* Data to examine
-----

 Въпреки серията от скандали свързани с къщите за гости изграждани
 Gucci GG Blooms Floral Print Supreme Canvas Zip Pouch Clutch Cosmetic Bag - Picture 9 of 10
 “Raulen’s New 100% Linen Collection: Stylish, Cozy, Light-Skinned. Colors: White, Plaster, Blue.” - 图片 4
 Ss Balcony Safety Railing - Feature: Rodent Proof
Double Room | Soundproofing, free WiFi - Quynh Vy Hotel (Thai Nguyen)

-----

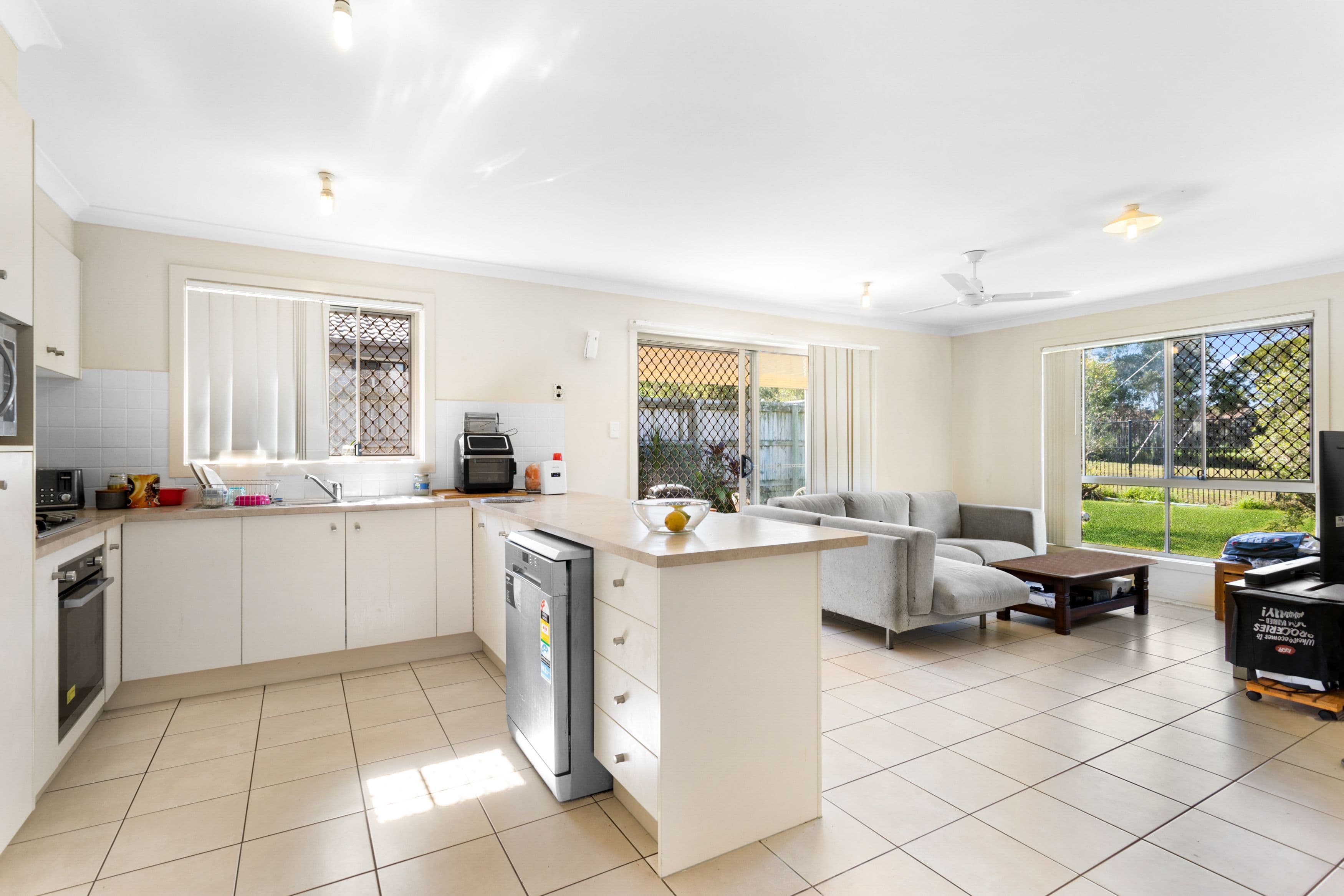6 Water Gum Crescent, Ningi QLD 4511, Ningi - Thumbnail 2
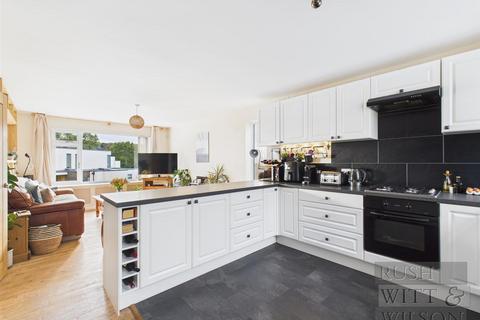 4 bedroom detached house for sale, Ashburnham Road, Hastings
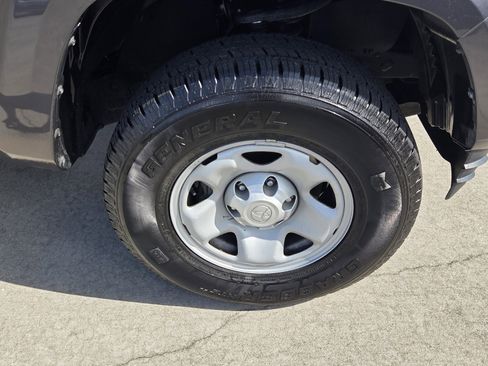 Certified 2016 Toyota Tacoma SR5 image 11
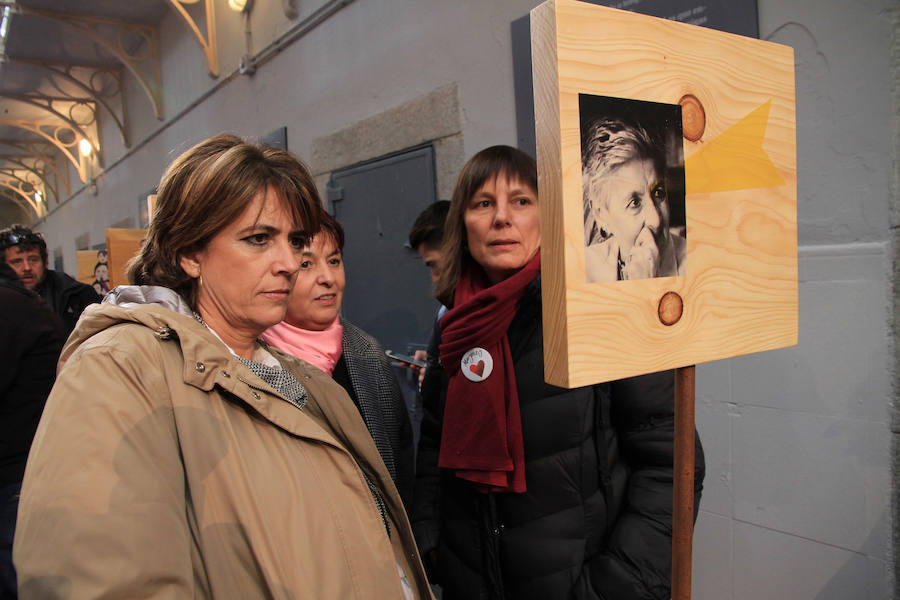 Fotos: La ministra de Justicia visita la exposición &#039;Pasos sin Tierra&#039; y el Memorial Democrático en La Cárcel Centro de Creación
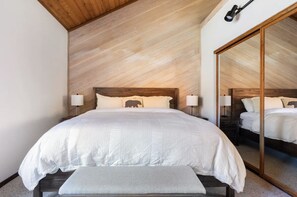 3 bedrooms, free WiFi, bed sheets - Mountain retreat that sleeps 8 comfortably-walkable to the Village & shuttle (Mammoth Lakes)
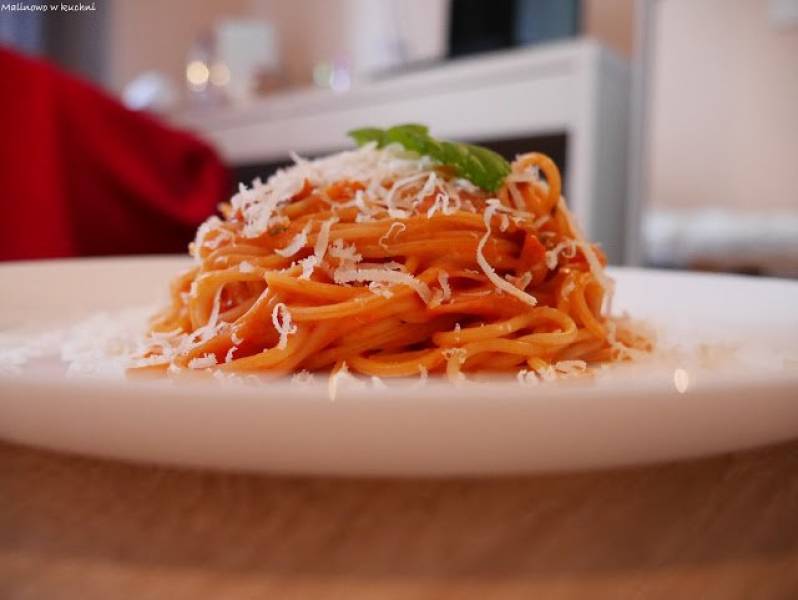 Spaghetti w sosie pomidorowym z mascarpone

-----

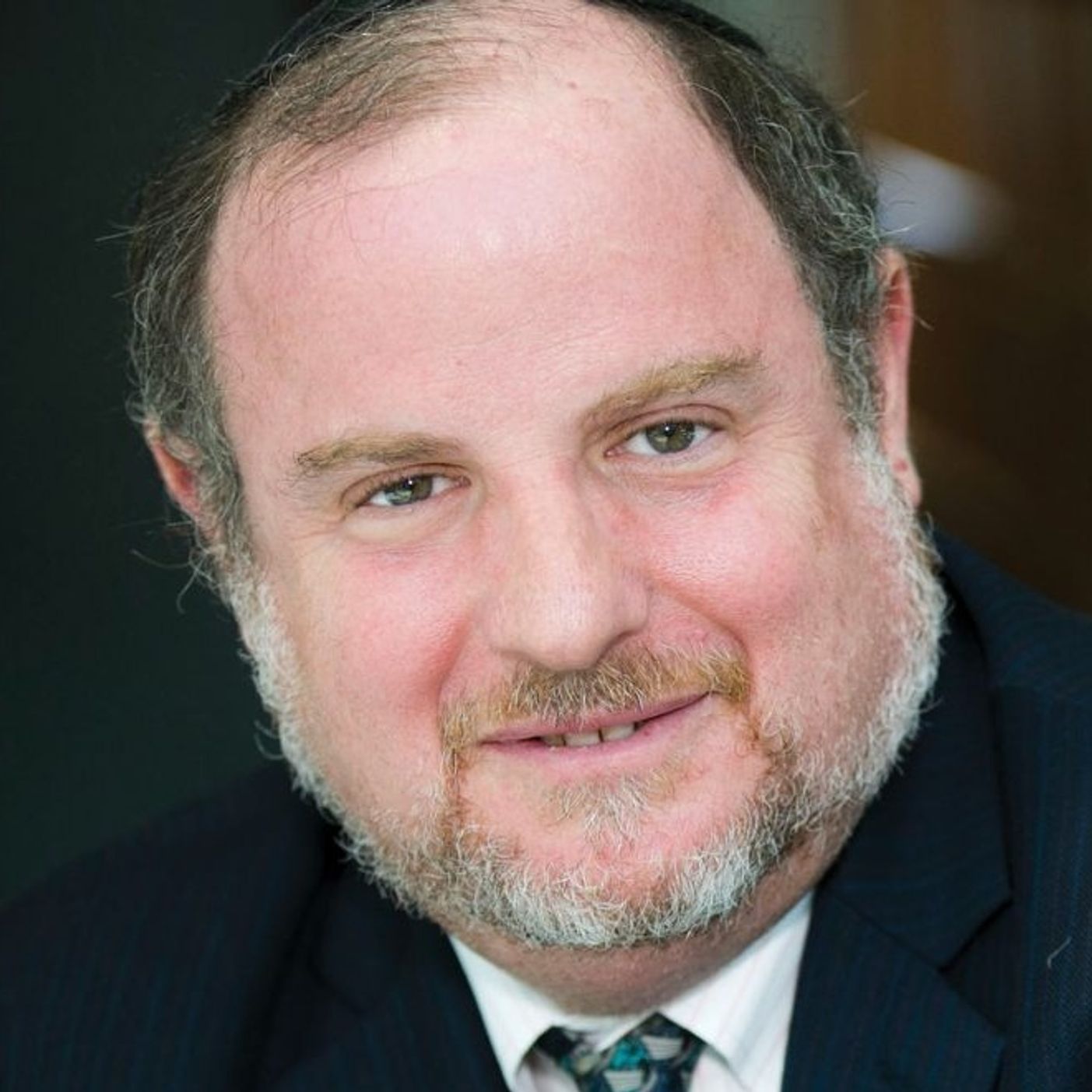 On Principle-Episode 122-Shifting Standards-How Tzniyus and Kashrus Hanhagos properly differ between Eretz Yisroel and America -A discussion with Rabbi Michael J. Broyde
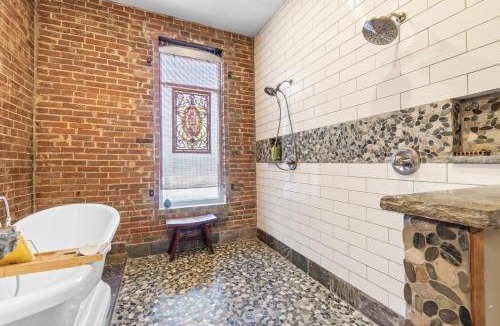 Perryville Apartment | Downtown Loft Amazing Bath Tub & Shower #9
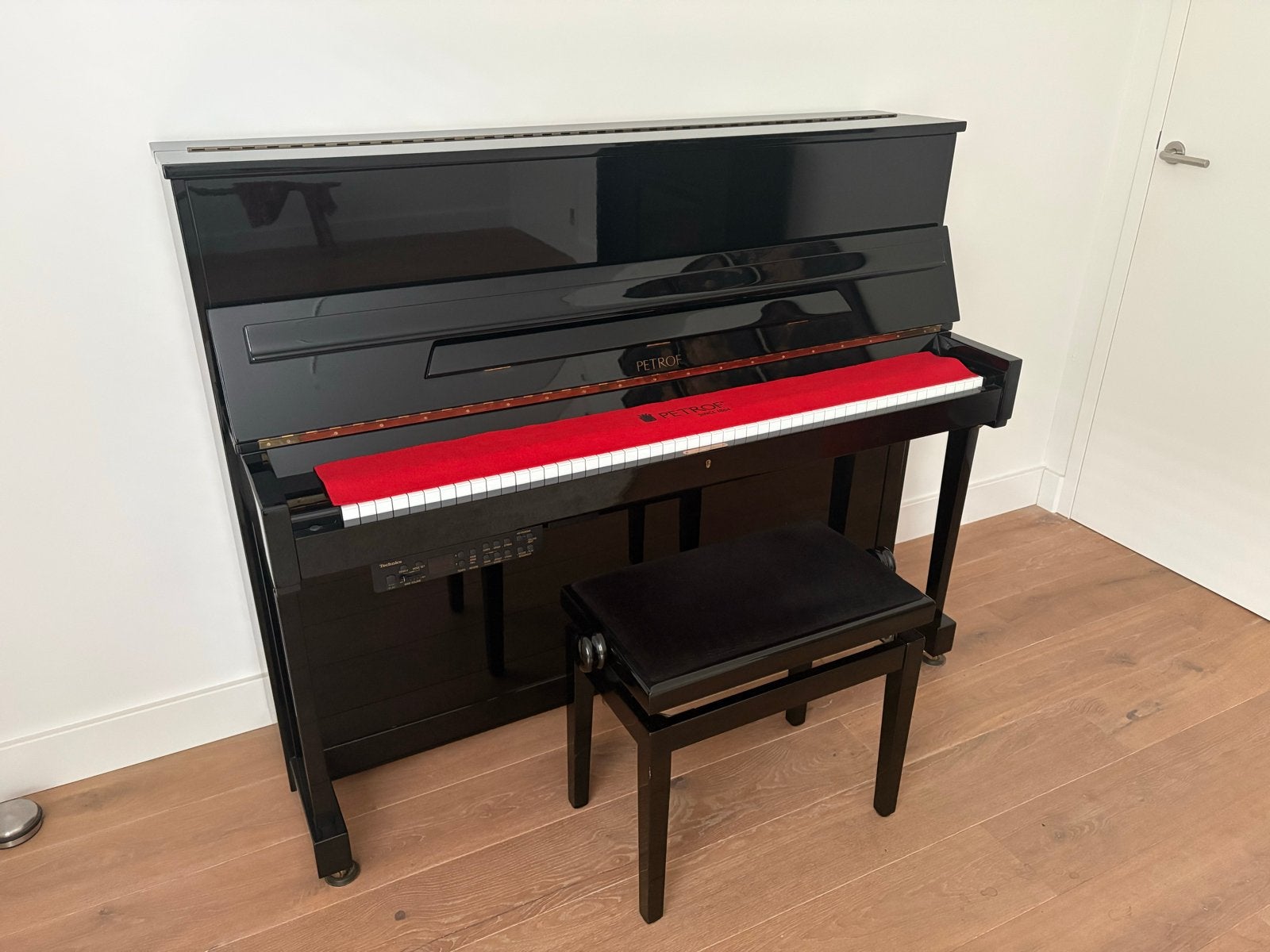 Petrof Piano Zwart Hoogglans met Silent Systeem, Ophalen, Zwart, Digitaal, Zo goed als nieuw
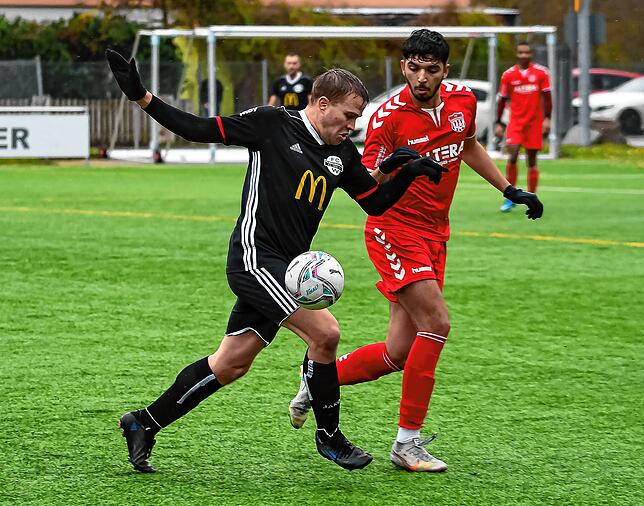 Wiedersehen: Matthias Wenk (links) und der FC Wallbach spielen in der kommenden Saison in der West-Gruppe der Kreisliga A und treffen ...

-----

* Required work
Print, exactly, each line above from the one with "On Principle-Episode 122-Shifting" to the one with "Wiedersehen: Matthias Wenk", end lines included. Leave pictures out of it.

* Solution to this problem
 On Principle-Episode 122-Shifting Standards-How Tzniyus and Kashrus Hanhagos properly differ between Eretz Yisroel and America -A discussion with Rabbi Michael J. Broyde
 Perryville Apartment | Downtown Loft Amazing Bath Tub & Shower #9
 Petrof Piano Zwart Hoogglans met Silent Systeem, Ophalen, Zwart, Digitaal, Zo goed als nieuw
 Wiedersehen: Matthias Wenk (links) und der FC Wallbach spielen in der kommenden Saison in der West-Gruppe der Kreisliga A und treffen ...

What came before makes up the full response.